Only the lines below between the ones containing "Fey123-Chargeur de voiture" and "Arco-íris e Lago com Peixes para colorir", inclusive, are to be reproduced, each exactly as it stands.

═════ DATA FOR ANALYSIS

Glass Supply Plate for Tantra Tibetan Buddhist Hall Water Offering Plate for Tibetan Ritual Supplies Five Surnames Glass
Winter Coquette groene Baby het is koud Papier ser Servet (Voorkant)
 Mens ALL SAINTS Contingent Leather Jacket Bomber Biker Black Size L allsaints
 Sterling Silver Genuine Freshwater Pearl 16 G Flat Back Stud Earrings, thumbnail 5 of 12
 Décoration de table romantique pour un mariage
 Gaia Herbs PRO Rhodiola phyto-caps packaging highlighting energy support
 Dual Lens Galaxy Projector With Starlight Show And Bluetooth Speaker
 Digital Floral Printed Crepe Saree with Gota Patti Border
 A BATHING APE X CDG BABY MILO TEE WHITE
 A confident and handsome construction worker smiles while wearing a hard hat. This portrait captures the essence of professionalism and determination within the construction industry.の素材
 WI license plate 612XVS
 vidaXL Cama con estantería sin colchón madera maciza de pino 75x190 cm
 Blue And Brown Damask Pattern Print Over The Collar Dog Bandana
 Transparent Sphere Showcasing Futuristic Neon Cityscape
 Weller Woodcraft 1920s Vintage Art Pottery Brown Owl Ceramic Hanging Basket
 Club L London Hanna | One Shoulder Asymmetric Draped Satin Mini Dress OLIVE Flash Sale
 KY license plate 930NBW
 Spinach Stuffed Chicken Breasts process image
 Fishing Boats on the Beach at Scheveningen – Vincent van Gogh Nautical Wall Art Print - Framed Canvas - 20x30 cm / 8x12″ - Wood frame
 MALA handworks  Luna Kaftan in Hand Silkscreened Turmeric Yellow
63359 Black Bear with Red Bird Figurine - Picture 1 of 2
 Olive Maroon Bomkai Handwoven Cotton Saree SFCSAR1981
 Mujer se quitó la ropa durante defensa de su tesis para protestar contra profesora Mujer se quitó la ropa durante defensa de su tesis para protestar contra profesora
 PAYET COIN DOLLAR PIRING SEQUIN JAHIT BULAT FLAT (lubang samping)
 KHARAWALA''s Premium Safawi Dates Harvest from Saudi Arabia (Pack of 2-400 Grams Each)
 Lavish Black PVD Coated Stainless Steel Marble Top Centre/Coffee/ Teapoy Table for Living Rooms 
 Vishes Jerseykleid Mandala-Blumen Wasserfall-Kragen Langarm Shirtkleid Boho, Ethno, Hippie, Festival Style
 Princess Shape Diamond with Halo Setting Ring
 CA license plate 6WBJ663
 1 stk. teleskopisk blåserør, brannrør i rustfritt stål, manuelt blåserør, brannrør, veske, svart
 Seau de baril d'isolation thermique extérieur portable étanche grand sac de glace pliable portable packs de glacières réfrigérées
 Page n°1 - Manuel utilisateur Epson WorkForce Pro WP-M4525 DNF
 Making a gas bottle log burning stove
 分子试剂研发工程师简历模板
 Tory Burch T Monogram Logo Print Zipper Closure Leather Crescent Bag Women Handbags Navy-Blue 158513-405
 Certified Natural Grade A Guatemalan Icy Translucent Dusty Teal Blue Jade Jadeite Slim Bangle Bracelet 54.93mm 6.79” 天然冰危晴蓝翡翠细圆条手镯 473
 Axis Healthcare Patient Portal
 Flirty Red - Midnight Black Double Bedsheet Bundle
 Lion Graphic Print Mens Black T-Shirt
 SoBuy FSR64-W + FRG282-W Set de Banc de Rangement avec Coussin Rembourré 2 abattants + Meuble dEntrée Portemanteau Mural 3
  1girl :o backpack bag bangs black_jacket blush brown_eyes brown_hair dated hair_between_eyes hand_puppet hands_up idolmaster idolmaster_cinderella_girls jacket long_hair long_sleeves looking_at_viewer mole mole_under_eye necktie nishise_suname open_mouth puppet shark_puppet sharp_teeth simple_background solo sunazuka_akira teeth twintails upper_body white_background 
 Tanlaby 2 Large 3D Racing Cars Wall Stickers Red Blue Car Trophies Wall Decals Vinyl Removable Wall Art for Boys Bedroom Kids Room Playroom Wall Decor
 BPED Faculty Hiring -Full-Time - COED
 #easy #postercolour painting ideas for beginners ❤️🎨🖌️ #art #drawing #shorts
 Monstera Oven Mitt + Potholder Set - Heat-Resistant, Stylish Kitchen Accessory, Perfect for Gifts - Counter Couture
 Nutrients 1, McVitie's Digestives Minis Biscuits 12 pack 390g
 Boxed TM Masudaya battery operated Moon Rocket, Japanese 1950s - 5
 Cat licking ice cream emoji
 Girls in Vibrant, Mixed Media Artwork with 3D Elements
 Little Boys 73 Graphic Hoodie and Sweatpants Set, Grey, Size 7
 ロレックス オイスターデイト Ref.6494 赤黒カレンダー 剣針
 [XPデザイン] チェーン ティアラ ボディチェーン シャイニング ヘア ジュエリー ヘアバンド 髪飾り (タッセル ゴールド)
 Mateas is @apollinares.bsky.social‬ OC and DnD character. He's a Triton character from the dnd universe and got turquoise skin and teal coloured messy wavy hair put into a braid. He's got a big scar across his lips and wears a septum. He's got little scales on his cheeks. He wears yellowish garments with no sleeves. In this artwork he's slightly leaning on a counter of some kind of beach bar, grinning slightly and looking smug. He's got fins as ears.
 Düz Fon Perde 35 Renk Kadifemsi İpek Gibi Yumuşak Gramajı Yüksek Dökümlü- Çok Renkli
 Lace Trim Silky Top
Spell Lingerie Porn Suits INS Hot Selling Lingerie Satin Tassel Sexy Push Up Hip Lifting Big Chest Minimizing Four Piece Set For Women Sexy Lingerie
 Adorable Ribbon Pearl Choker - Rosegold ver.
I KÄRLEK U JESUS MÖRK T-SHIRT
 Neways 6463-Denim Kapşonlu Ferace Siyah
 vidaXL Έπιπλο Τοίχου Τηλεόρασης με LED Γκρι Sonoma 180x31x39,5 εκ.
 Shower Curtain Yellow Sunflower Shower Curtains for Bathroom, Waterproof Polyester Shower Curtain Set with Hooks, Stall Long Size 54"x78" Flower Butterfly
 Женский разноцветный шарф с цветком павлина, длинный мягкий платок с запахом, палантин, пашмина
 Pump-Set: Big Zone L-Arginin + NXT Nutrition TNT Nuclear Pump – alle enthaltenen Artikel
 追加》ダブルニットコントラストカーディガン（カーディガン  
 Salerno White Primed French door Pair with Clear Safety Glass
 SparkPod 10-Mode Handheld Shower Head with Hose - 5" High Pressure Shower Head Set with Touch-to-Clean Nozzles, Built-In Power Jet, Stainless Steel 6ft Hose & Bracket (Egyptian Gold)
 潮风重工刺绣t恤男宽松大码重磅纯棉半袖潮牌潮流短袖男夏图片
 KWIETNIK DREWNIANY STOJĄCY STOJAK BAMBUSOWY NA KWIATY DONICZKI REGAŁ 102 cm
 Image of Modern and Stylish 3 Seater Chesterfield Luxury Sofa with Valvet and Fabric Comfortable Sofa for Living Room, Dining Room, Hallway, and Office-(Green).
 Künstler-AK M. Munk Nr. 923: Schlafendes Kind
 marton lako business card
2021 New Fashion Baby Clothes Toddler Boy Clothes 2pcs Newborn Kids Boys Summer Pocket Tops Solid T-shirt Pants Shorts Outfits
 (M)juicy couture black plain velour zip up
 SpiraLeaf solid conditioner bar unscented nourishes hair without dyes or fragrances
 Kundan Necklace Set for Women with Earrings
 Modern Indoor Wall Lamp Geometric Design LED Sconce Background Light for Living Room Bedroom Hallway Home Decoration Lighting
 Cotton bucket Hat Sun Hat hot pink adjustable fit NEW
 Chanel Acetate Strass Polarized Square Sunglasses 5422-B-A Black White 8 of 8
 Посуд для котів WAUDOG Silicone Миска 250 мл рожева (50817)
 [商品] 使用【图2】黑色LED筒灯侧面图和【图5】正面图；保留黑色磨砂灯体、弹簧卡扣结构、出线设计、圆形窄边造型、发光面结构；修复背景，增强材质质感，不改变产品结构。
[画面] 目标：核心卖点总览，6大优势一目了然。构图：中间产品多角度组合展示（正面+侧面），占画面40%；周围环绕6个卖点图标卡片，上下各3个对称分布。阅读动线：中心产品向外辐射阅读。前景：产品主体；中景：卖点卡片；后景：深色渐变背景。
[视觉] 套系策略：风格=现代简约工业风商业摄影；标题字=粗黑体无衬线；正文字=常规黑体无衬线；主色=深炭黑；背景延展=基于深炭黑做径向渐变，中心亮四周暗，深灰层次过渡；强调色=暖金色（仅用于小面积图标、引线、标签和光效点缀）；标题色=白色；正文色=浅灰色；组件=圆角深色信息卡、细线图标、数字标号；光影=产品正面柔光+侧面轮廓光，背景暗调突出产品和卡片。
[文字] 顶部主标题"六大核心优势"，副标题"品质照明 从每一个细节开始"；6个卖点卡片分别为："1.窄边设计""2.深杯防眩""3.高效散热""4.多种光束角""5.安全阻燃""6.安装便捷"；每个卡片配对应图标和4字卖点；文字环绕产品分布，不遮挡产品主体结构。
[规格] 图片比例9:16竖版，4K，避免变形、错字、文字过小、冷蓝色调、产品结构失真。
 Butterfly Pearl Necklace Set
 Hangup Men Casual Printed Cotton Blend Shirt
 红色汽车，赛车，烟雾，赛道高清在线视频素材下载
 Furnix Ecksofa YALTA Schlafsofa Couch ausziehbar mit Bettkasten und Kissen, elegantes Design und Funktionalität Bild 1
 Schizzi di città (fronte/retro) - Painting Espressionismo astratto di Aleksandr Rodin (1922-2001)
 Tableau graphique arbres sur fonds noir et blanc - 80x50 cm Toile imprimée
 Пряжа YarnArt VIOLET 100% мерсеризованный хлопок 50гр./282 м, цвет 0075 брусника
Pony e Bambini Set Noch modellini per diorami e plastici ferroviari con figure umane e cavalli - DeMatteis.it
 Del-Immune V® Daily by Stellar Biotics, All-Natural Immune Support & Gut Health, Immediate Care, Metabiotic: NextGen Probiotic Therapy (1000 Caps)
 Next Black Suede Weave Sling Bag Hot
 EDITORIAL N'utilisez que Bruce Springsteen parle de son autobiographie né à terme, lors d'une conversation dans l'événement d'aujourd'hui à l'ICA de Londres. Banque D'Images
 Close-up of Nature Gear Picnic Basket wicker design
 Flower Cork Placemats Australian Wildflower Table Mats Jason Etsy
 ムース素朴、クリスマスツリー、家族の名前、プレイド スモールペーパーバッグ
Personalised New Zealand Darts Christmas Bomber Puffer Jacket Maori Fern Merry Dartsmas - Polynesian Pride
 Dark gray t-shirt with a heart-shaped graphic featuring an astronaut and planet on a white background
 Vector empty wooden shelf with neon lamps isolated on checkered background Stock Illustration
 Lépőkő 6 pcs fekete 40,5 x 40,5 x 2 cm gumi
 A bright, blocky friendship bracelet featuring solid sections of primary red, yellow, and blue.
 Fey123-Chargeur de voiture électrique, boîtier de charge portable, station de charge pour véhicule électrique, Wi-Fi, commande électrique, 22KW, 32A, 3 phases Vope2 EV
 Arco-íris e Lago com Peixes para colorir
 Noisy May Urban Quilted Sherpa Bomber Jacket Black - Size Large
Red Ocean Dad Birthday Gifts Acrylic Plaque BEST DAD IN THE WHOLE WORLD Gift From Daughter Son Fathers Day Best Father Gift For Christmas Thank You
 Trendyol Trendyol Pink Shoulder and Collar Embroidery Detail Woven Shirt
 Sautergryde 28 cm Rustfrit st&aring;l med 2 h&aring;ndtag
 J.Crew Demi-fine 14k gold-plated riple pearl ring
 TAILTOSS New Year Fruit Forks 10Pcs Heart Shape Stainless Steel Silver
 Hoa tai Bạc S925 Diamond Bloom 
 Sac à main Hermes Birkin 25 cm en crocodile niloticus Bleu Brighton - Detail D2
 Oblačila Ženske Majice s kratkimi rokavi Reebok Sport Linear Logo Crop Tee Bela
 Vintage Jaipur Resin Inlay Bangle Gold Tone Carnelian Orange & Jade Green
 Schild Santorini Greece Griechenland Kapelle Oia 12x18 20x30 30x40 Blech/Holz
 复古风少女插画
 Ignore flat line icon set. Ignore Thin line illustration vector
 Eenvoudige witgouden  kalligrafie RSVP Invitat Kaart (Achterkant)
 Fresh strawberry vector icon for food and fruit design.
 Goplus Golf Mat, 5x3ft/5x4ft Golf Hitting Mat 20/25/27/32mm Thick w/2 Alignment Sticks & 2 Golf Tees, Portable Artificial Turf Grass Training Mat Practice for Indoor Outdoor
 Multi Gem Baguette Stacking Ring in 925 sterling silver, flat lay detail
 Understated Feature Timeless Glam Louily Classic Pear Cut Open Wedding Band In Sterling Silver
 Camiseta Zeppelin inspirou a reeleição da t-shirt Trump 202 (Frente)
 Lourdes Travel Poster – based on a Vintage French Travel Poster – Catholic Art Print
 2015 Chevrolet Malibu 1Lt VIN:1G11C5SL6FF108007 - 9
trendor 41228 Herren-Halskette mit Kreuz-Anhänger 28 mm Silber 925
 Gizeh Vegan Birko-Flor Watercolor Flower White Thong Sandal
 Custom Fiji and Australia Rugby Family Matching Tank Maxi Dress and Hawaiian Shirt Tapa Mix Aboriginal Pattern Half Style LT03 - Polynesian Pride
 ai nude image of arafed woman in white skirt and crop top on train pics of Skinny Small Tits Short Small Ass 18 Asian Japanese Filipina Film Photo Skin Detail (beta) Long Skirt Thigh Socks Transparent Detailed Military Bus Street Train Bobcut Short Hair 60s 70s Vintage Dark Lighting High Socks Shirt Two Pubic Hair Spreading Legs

══════════

EXERCISE RESPONSE
 Fey123-Chargeur de voiture électrique, boîtier de charge portable, station de charge pour véhicule électrique, Wi-Fi, commande électrique, 22KW, 32A, 3 phases Vope2 EV
 Arco-íris e Lago com Peixes para colorir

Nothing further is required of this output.